Saturday, November 1, 2008
filed under: Research and Development

Though Steve Knapp is not a cartographer, the University of Georgia professor is, nonetheless, a central figure in the construction of a very important road map. He is mapping the genome of sunflower — a process whose fruits already are becoming invaluable to plant breeders and other scientists working to provide farmers with progressively better sunflower hybrids for their fields.

Knapp’s laboratory in Athens, where he is Georgia Research Alliance Eminent Scholar in the Institute of Plant Breeding, Genetics & Genomics, is a long way from the sunflower fields of the Dakotas and High Plains. But the type of work he does is not geographically dependent. It revolves instead around DNA and chromosomes, genetic mapping and sequencing. While those are worlds largely unfamiliar to most of us, we are affected by them in the most basic of ways.

Every living organism — humans, other animals, plants, fungi, bacteria — contains DNA. DNA is a molecule that encodes an organism’s genetic information. Nucleic acids — of which there are just four (referred to by the letters A, G, C and T)) — are the building blocks for DNA. The pattern in which those four nucleic acids exist within a given organism comprises its genetic code. The term “genome” refers to an organism’s complete set of DNA.

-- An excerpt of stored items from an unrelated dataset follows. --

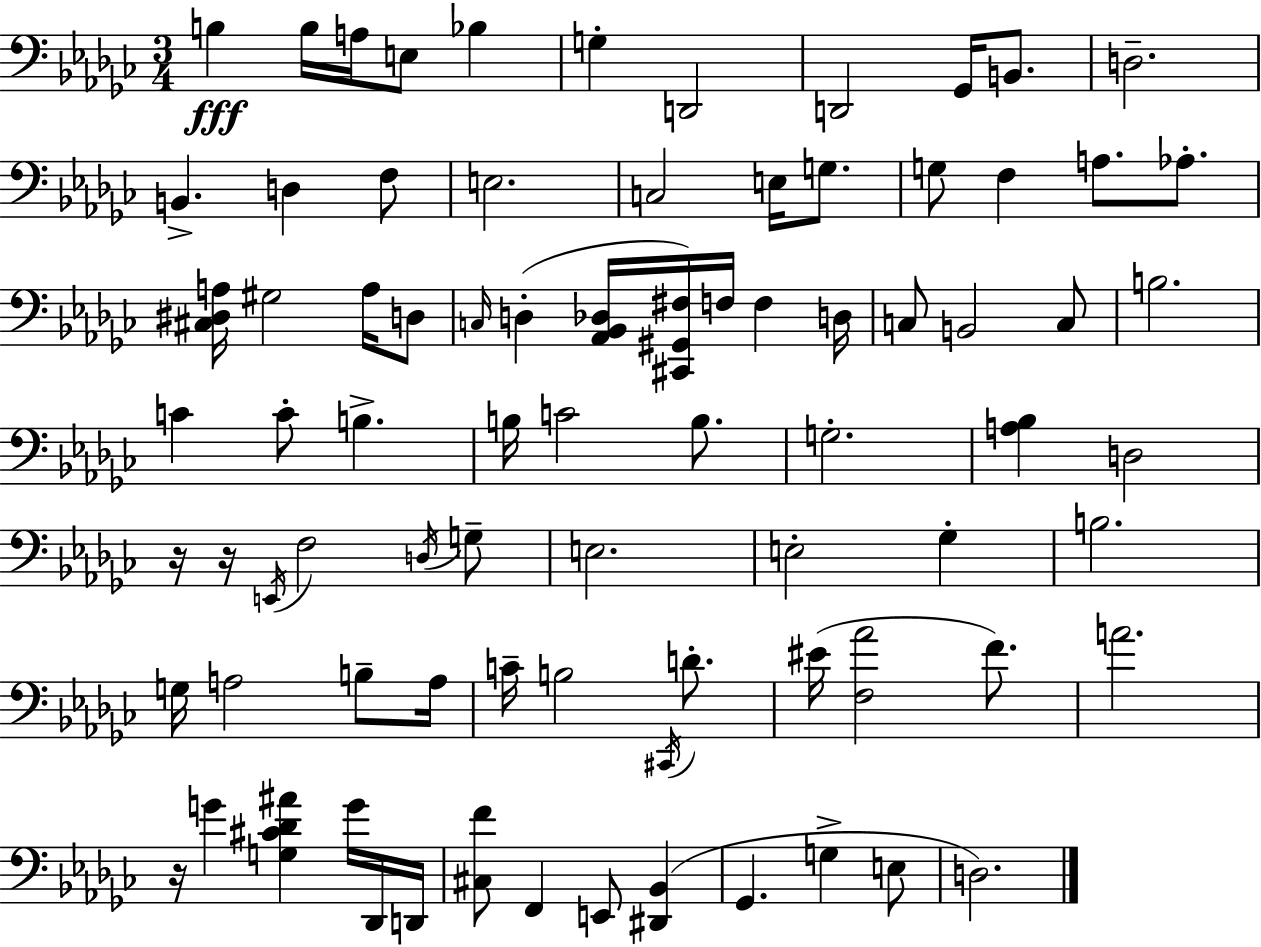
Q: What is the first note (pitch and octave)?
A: B3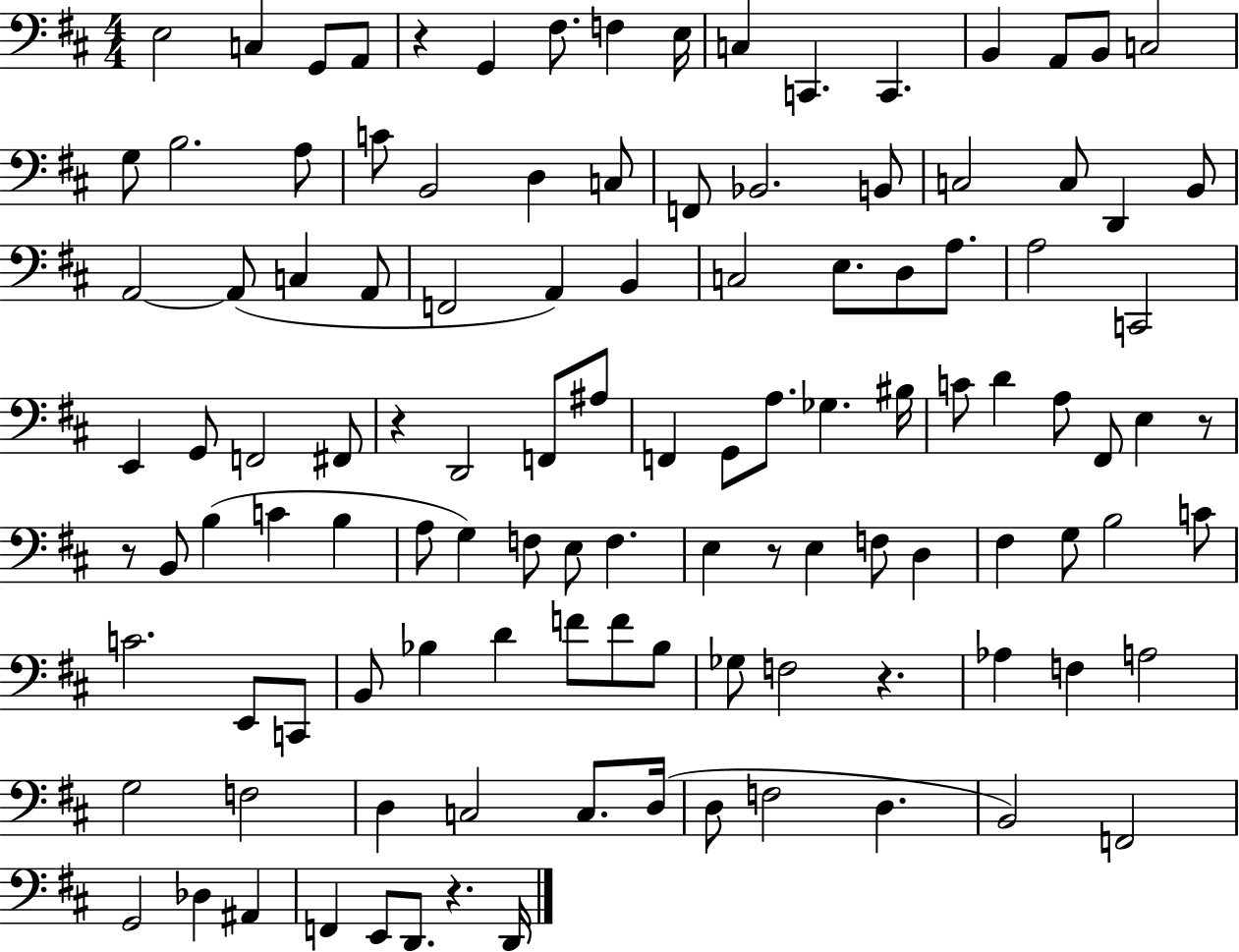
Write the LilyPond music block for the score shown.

{
  \clef bass
  \numericTimeSignature
  \time 4/4
  \key d \major
  e2 c4 g,8 a,8 | r4 g,4 fis8. f4 e16 | c4 c,4. c,4. | b,4 a,8 b,8 c2 | \break g8 b2. a8 | c'8 b,2 d4 c8 | f,8 bes,2. b,8 | c2 c8 d,4 b,8 | \break a,2~~ a,8( c4 a,8 | f,2 a,4) b,4 | c2 e8. d8 a8. | a2 c,2 | \break e,4 g,8 f,2 fis,8 | r4 d,2 f,8 ais8 | f,4 g,8 a8. ges4. bis16 | c'8 d'4 a8 fis,8 e4 r8 | \break r8 b,8 b4( c'4 b4 | a8 g4) f8 e8 f4. | e4 r8 e4 f8 d4 | fis4 g8 b2 c'8 | \break c'2. e,8 c,8 | b,8 bes4 d'4 f'8 f'8 bes8 | ges8 f2 r4. | aes4 f4 a2 | \break g2 f2 | d4 c2 c8. d16( | d8 f2 d4. | b,2) f,2 | \break g,2 des4 ais,4 | f,4 e,8 d,8. r4. d,16 | \bar "|."
}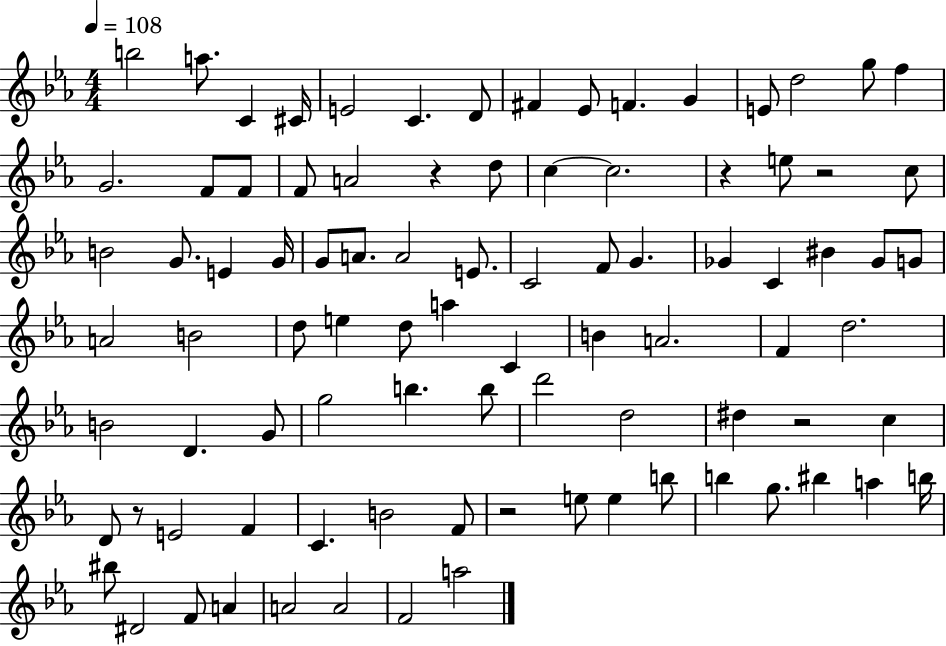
{
  \clef treble
  \numericTimeSignature
  \time 4/4
  \key ees \major
  \tempo 4 = 108
  b''2 a''8. c'4 cis'16 | e'2 c'4. d'8 | fis'4 ees'8 f'4. g'4 | e'8 d''2 g''8 f''4 | \break g'2. f'8 f'8 | f'8 a'2 r4 d''8 | c''4~~ c''2. | r4 e''8 r2 c''8 | \break b'2 g'8. e'4 g'16 | g'8 a'8. a'2 e'8. | c'2 f'8 g'4. | ges'4 c'4 bis'4 ges'8 g'8 | \break a'2 b'2 | d''8 e''4 d''8 a''4 c'4 | b'4 a'2. | f'4 d''2. | \break b'2 d'4. g'8 | g''2 b''4. b''8 | d'''2 d''2 | dis''4 r2 c''4 | \break d'8 r8 e'2 f'4 | c'4. b'2 f'8 | r2 e''8 e''4 b''8 | b''4 g''8. bis''4 a''4 b''16 | \break bis''8 dis'2 f'8 a'4 | a'2 a'2 | f'2 a''2 | \bar "|."
}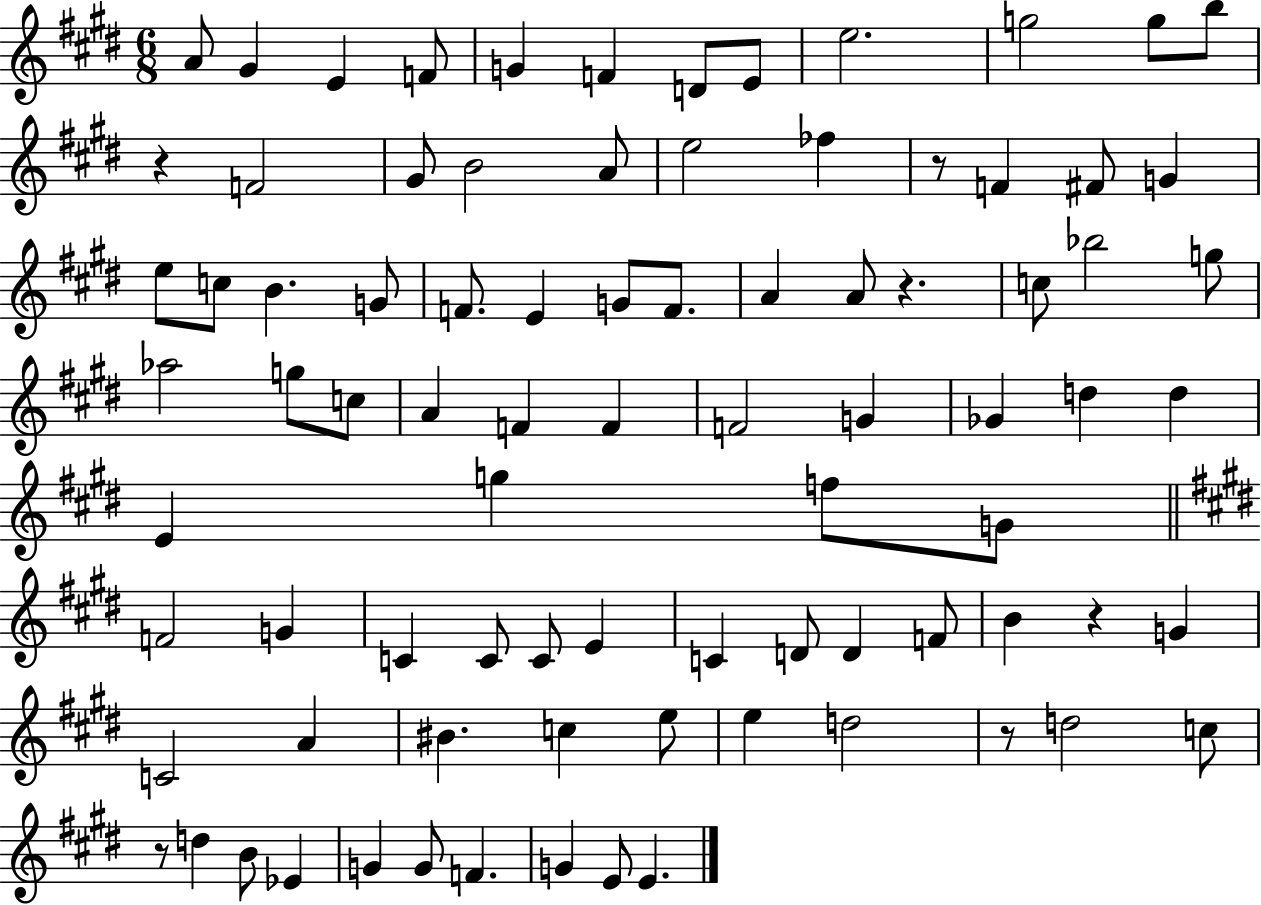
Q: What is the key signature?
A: E major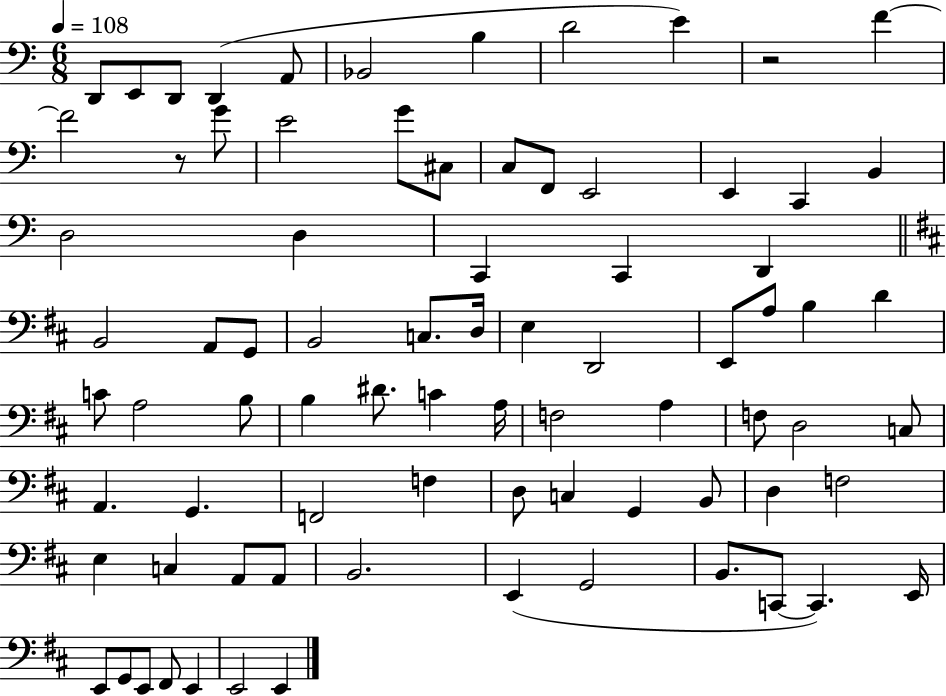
D2/e E2/e D2/e D2/q A2/e Bb2/h B3/q D4/h E4/q R/h F4/q F4/h R/e G4/e E4/h G4/e C#3/e C3/e F2/e E2/h E2/q C2/q B2/q D3/h D3/q C2/q C2/q D2/q B2/h A2/e G2/e B2/h C3/e. D3/s E3/q D2/h E2/e A3/e B3/q D4/q C4/e A3/h B3/e B3/q D#4/e. C4/q A3/s F3/h A3/q F3/e D3/h C3/e A2/q. G2/q. F2/h F3/q D3/e C3/q G2/q B2/e D3/q F3/h E3/q C3/q A2/e A2/e B2/h. E2/q G2/h B2/e. C2/e C2/q. E2/s E2/e G2/e E2/e F#2/e E2/q E2/h E2/q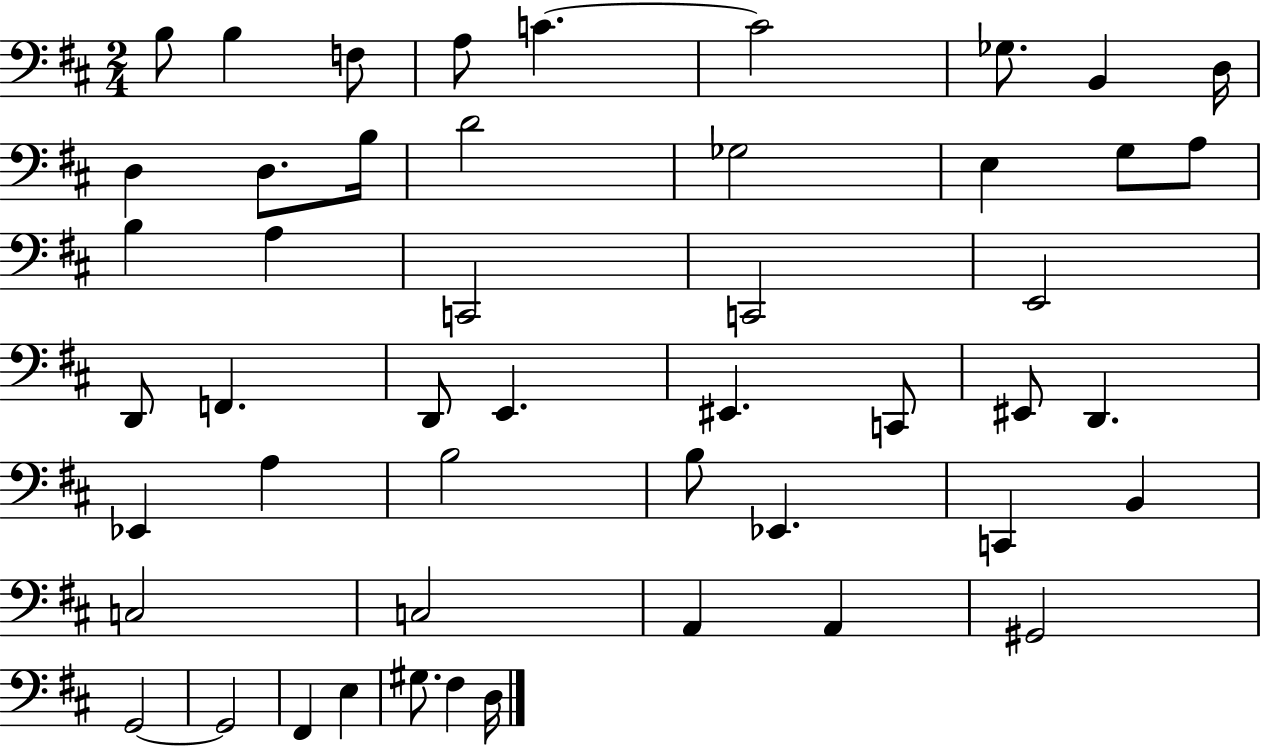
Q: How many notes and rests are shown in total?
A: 49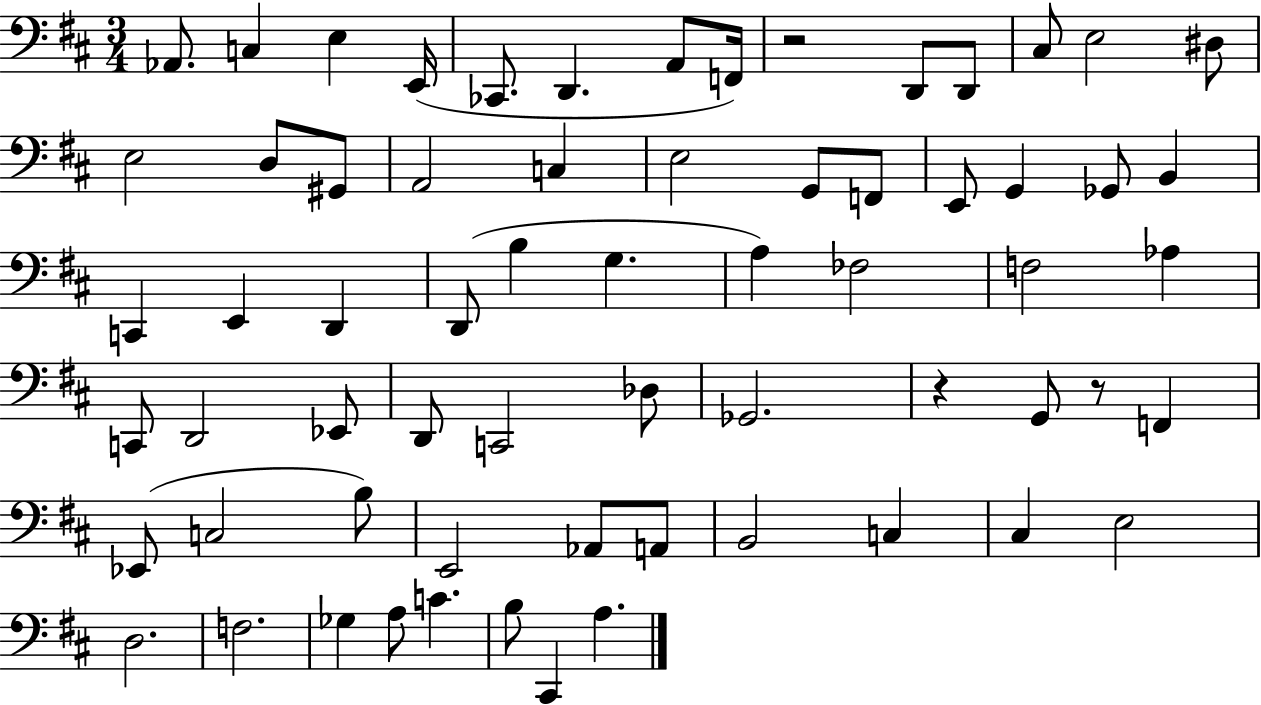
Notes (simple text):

Ab2/e. C3/q E3/q E2/s CES2/e. D2/q. A2/e F2/s R/h D2/e D2/e C#3/e E3/h D#3/e E3/h D3/e G#2/e A2/h C3/q E3/h G2/e F2/e E2/e G2/q Gb2/e B2/q C2/q E2/q D2/q D2/e B3/q G3/q. A3/q FES3/h F3/h Ab3/q C2/e D2/h Eb2/e D2/e C2/h Db3/e Gb2/h. R/q G2/e R/e F2/q Eb2/e C3/h B3/e E2/h Ab2/e A2/e B2/h C3/q C#3/q E3/h D3/h. F3/h. Gb3/q A3/e C4/q. B3/e C#2/q A3/q.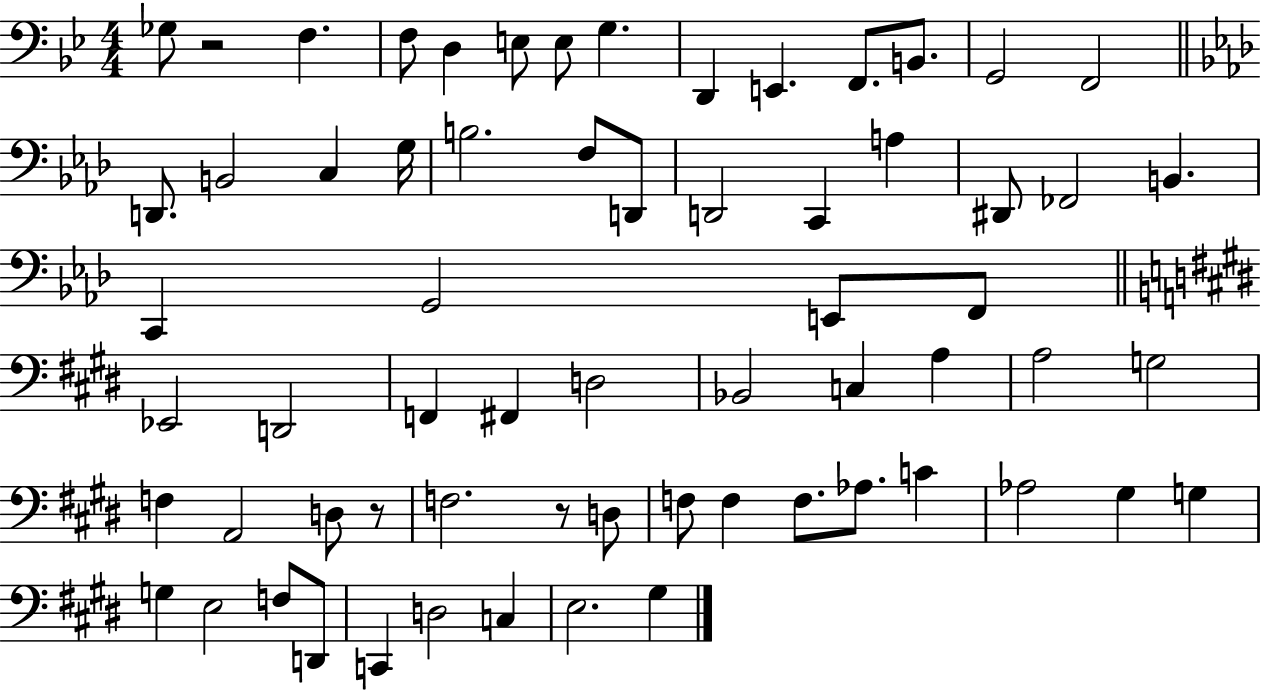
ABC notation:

X:1
T:Untitled
M:4/4
L:1/4
K:Bb
_G,/2 z2 F, F,/2 D, E,/2 E,/2 G, D,, E,, F,,/2 B,,/2 G,,2 F,,2 D,,/2 B,,2 C, G,/4 B,2 F,/2 D,,/2 D,,2 C,, A, ^D,,/2 _F,,2 B,, C,, G,,2 E,,/2 F,,/2 _E,,2 D,,2 F,, ^F,, D,2 _B,,2 C, A, A,2 G,2 F, A,,2 D,/2 z/2 F,2 z/2 D,/2 F,/2 F, F,/2 _A,/2 C _A,2 ^G, G, G, E,2 F,/2 D,,/2 C,, D,2 C, E,2 ^G,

A “marker” is a snippet of DNA located in or near a gene. Knowing the nature and location of markers within an organism’s chromosome makeup allows scientists to determine that organism’s unique DNA sequence pattern. That knowledge is essential for genotyping — i.e., classifying an organism according to its genetic makeup as opposed to its physical appearance (known as “phenotyping”).

Still with us? Good.

The field of genomics did not emerge until the 1980s; indeed, the term was not coined until 1987, says Steve Knapp. Trained as a traditional plant breeder with an emphasis in applied statistics and quantitative genetics, Knapp joined the faculty at Oregon State University in 1985 after two years in the seed industry. He remained at OSU until moving to Georgia in 2004.

Assigned to focus on oilseeds when he came to Oregon State, Knapp chose sunflower. “Virtually nothing was being done in sunflower genomics when I started the program,” he recounts, “and most of the genomics research up to then was being done by groups that were not sharing information or resources.” He officially established the Sunflower Genome Program in 1992 by securing funding from federal competitive grant programs and from private industry. (These remain the sources for 100% of his sunflower genome research funding.)

How does genomic research benefit the sunflower industry and its growers? There are several ways, according to Knapp:

• Improved disease resistance is among the most important dividends. Genomic approaches have already led to “the discovery of several novel disease resistance genes, [and] a much greater understanding of the genetics of disease resistance in sunflower,” according to Knapp. DNA markers used by seed industry breeders to manipulate disease resistance genes in hybrid breeding programs have been developed as well.

• Knapp and his collaborators also are using genomic approaches to study wild sunflower species native to deserts and other arid habitats. The objective is to enhance drought tolerance in future commercial hybrids by identifying wild species genes that can by used by breeders to maximize seed yield under drought conditions. Currently, this effort is focusing on two species: the silverleaf sunflower (native to southern Texas) and the Algodones dune sunflower (a native of southern California).

• “We recently initiated biofuel research in sunflower and have proposed developing completely new types of hybrids for producing cellulosic biofuel feedstocks,” Knapp says. “This research was sparked by the discovery of wild species that produce woody stems. We are currently using genomic approaches to study wood formation, cellulosic biomass traits and biomass yield in sunflower.”

• Additionally, there’s a significant effort to identify genes in land races and wild species for enhancing the performance of modern oil-type sunflower hybrids. “This work focuses on broadening genetic diversity and supplying breeders with libraries of [what are] called ‘wild introgression’ lines,” Knapp explains. Such lines can be used as the starting material for developing new inbred lines and hybrids with higher yield capacity, enhanced disease resistance and/or important quality traits.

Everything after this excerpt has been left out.